THE TASK.
From the line containing "Nên chọn vang" through the last line of the records below, each line is to be repeated exactly; pictures are to be omitted.
======== DATA SHOWN ========
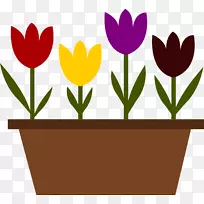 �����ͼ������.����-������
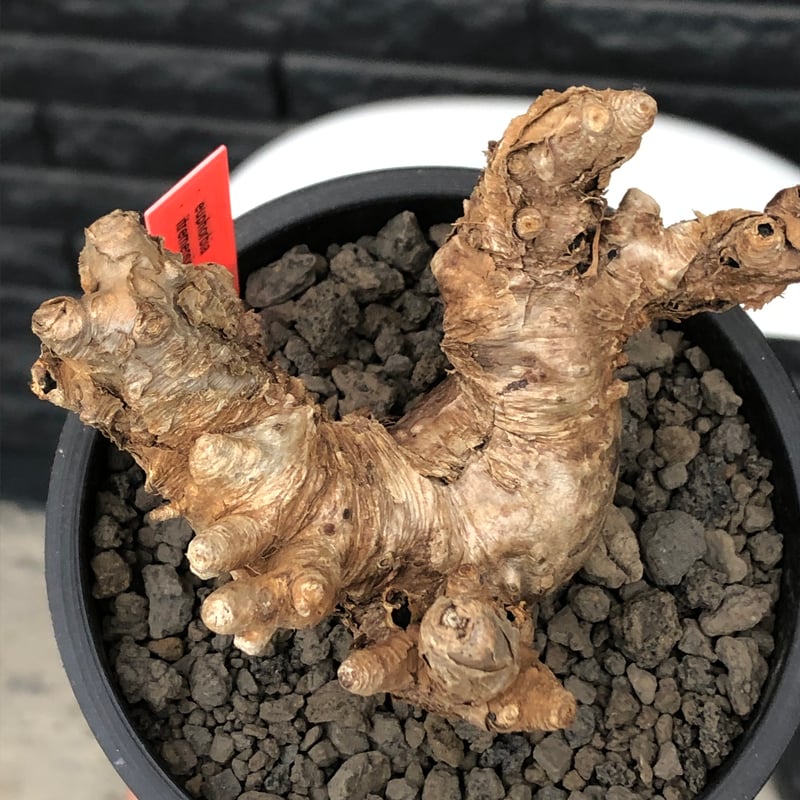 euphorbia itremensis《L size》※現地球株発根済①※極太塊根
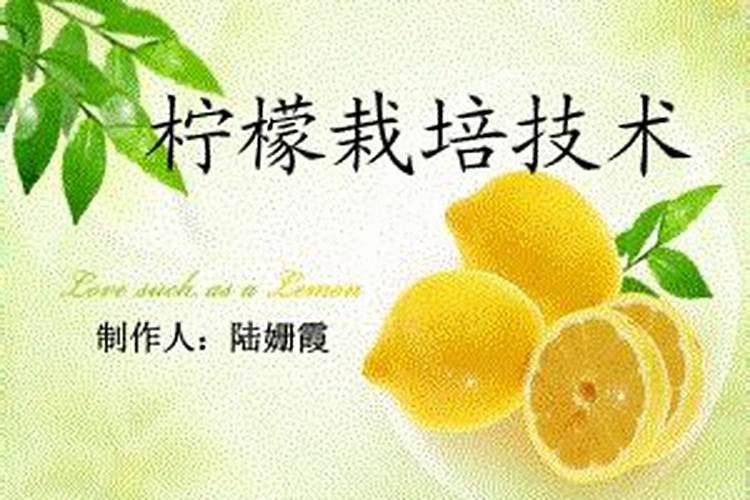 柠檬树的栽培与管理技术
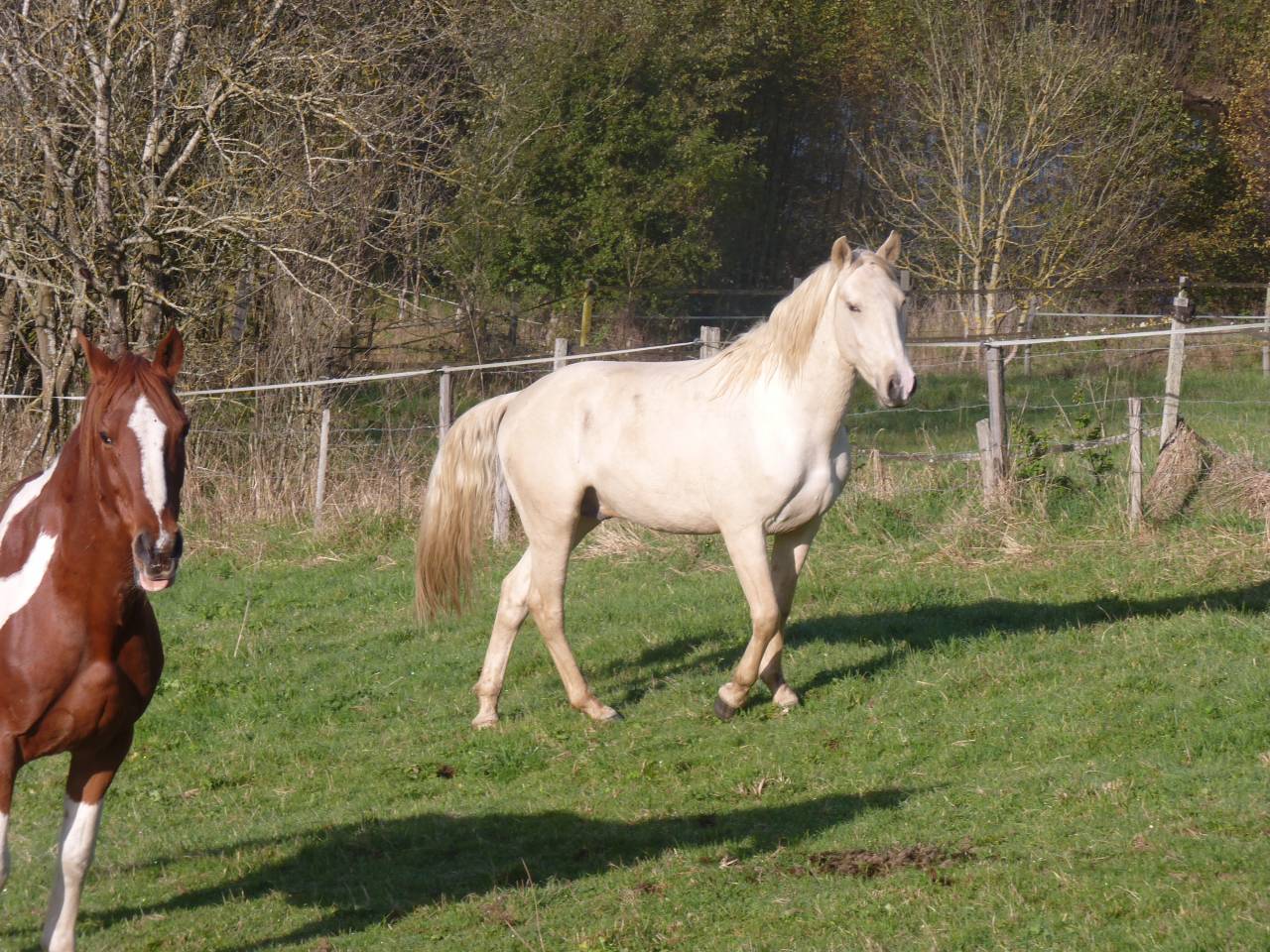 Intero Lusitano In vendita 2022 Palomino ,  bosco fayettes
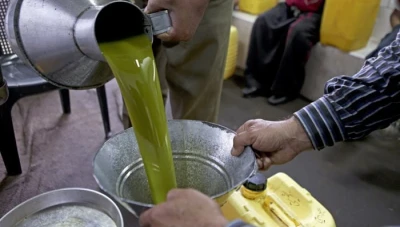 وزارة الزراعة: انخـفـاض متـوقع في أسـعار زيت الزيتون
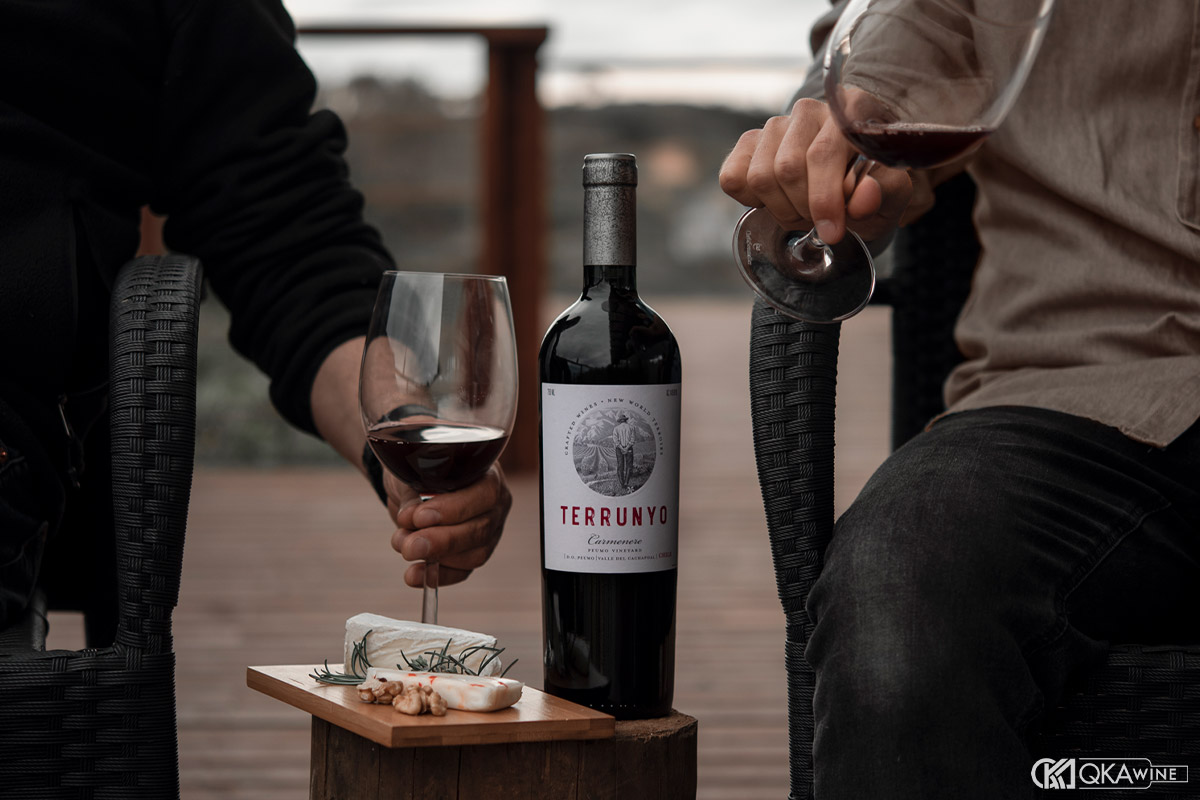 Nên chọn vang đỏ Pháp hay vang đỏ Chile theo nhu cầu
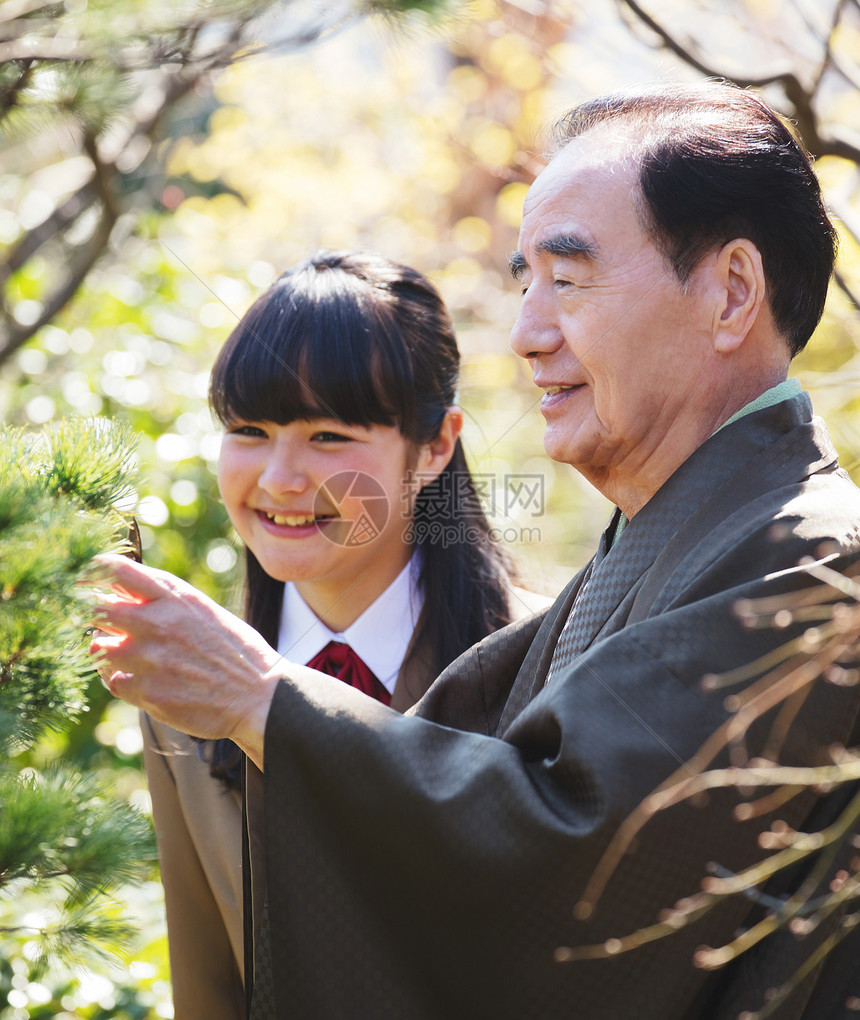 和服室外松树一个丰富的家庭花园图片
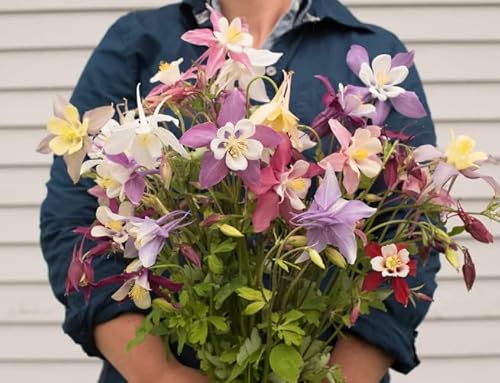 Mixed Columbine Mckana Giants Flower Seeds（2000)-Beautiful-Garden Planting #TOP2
========
COMPLETED TASK.
 Nên chọn vang đỏ Pháp hay vang đỏ Chile theo nhu cầu
 和服室外松树一个丰富的家庭花园图片
 Mixed Columbine Mckana Giants Flower Seeds（2000)-Beautiful-Garden Planting #TOP2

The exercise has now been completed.